BEGIN Material for this exercise
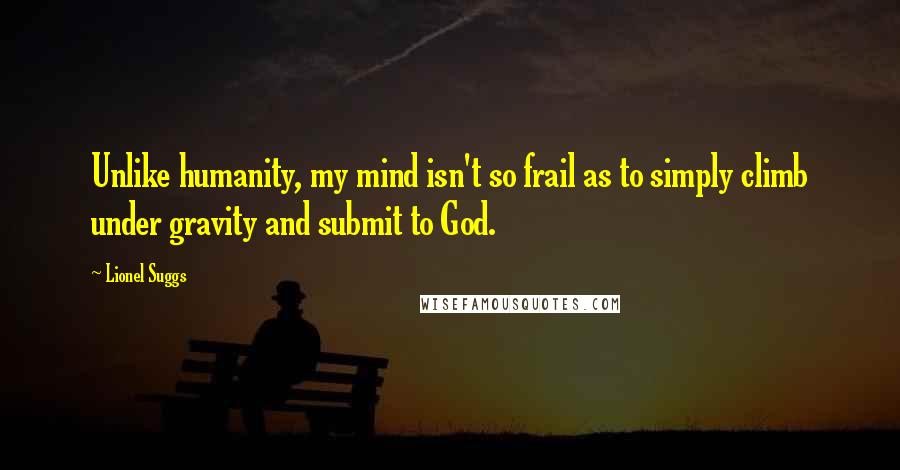 Lionel Suggs Quotes: Unlike humanity, my mind isn't so frail as to simply climb under gravity and submit to God.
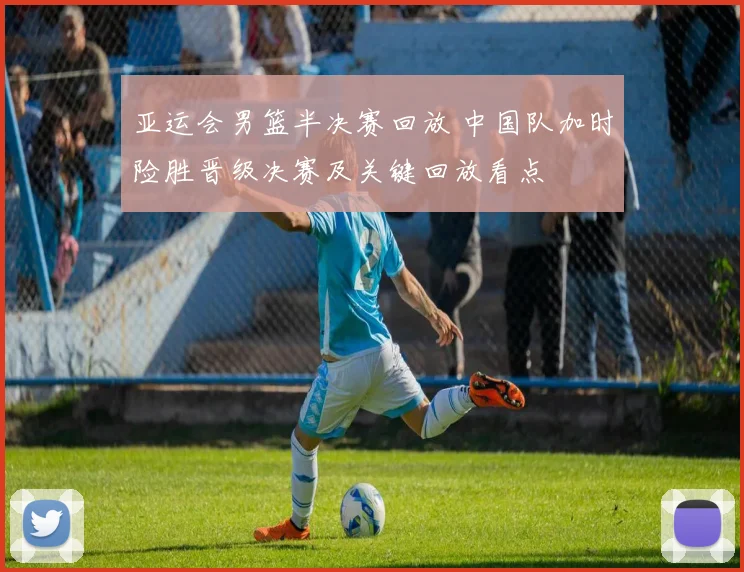 亚运会男篮半决赛回放 中国队加时险胜晋级决赛及关键回放看点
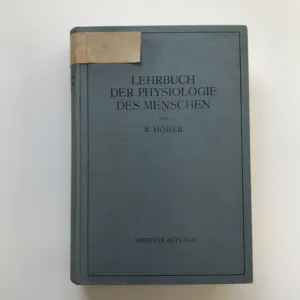 Lehrbuch der Physiologie des Menschen, Rudolf Höber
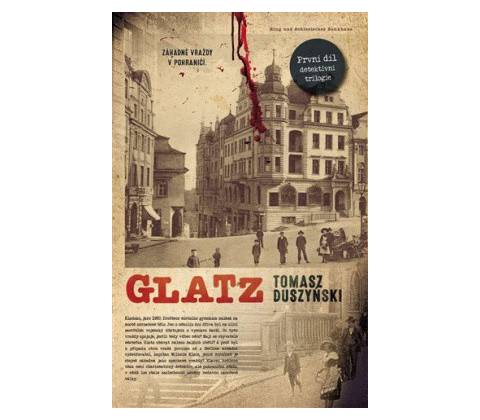 Glatz - Tomasz Duszyński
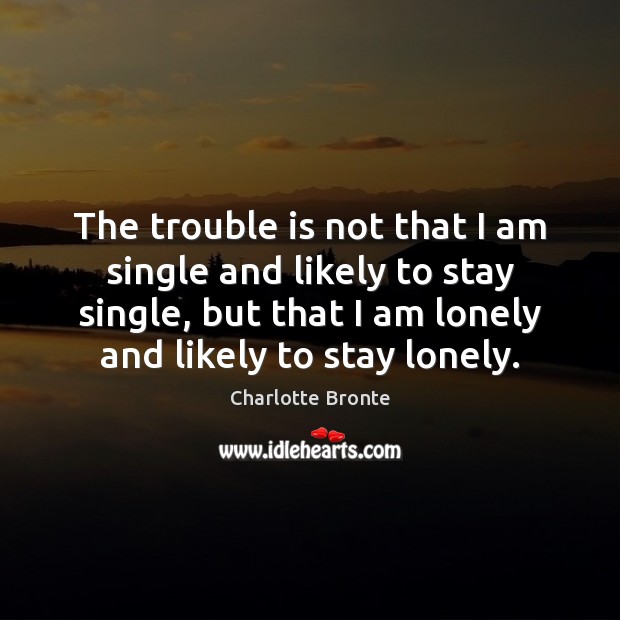 The trouble is not that I am single and likely to stay Charlotte Bronte Picture Quote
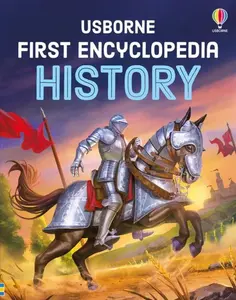 First Encyclopedia of History - Fiona Chandlerová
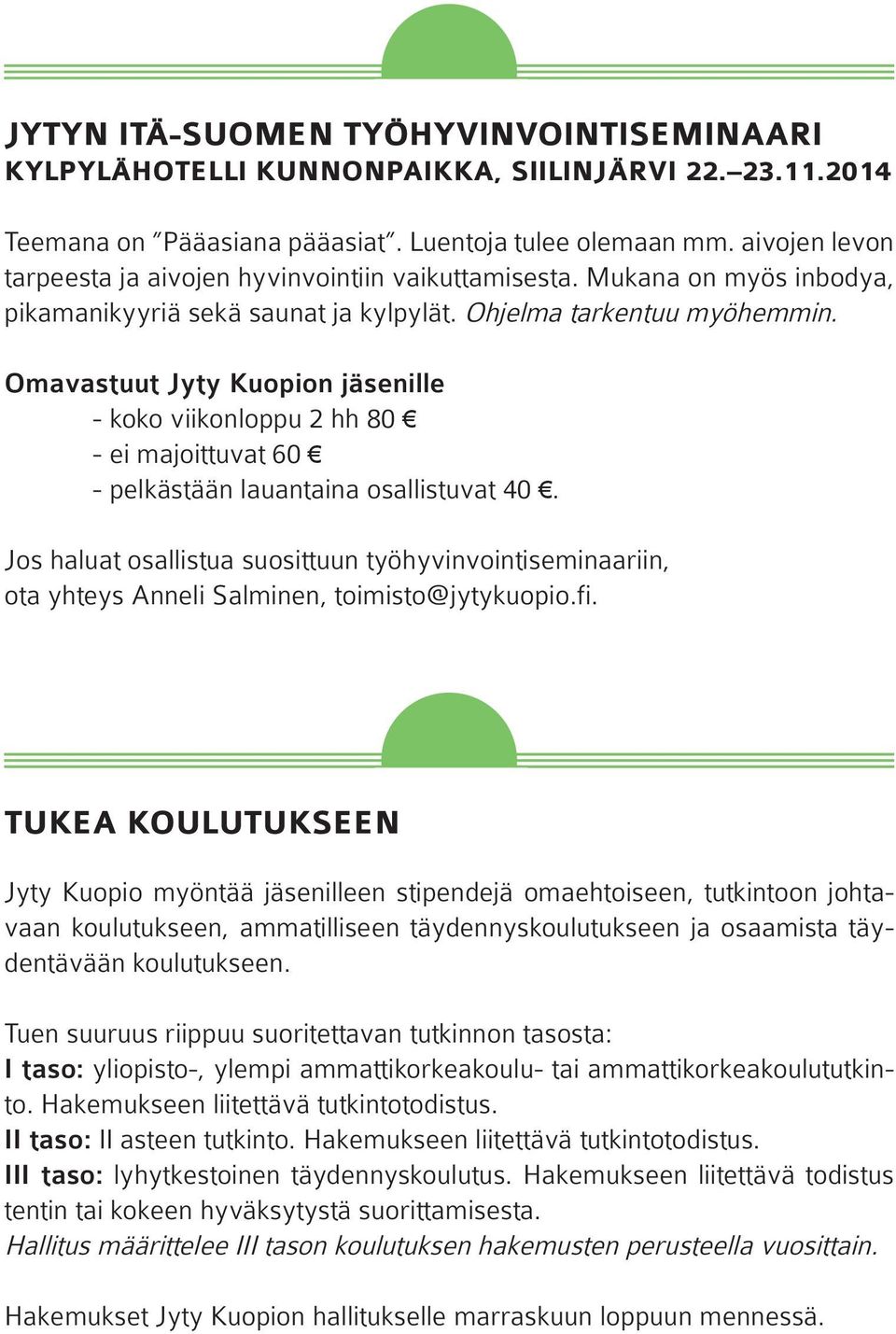 Omavastuut Jyty Kuopion jäsenille - koko viikonloppu 2 hh 80 - ei majoittuvat 60 - pelkästään lauantaina osallistuvat 40.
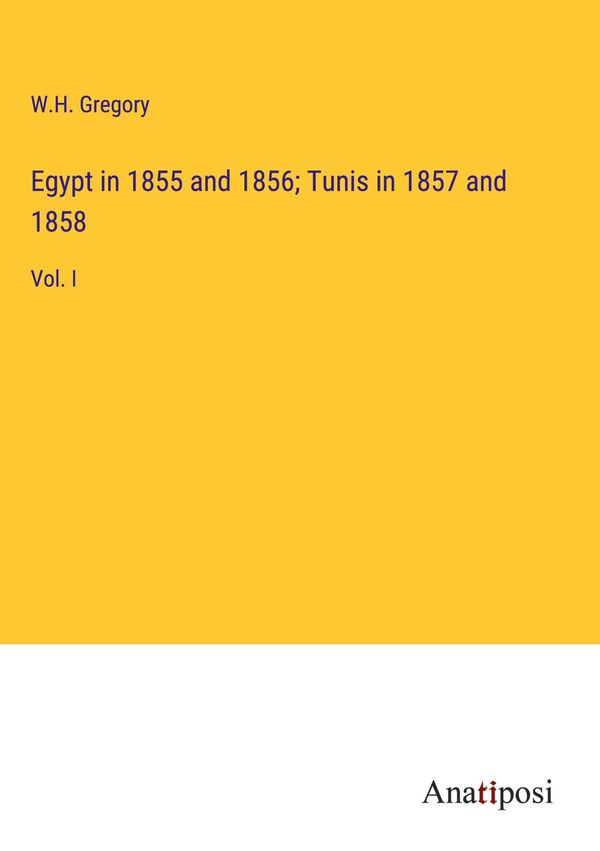 Egypt in 1855 and 1856; Tunis in 1857 and 1858 - W. H. Gregory (Buch)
END Material for this exercise
[Problem description] Restate each entry verbatim and skip every image.

[Answer to the exercise]
 Lionel Suggs Quotes: Unlike humanity, my mind isn't so frail as to simply climb under gravity and submit to God.
 亚运会男篮半决赛回放 中国队加时险胜晋级决赛及关键回放看点
 Lehrbuch der Physiologie des Menschen, Rudolf Höber
 Glatz - Tomasz Duszyński
 The trouble is not that I am single and likely to stay Charlotte Bronte Picture Quote
 First Encyclopedia of History - Fiona Chandlerová
 Omavastuut Jyty Kuopion jäsenille - koko viikonloppu 2 hh 80 - ei majoittuvat 60 - pelkästään lauantaina osallistuvat 40.
 Egypt in 1855 and 1856; Tunis in 1857 and 1858 - W. H. Gregory (Buch)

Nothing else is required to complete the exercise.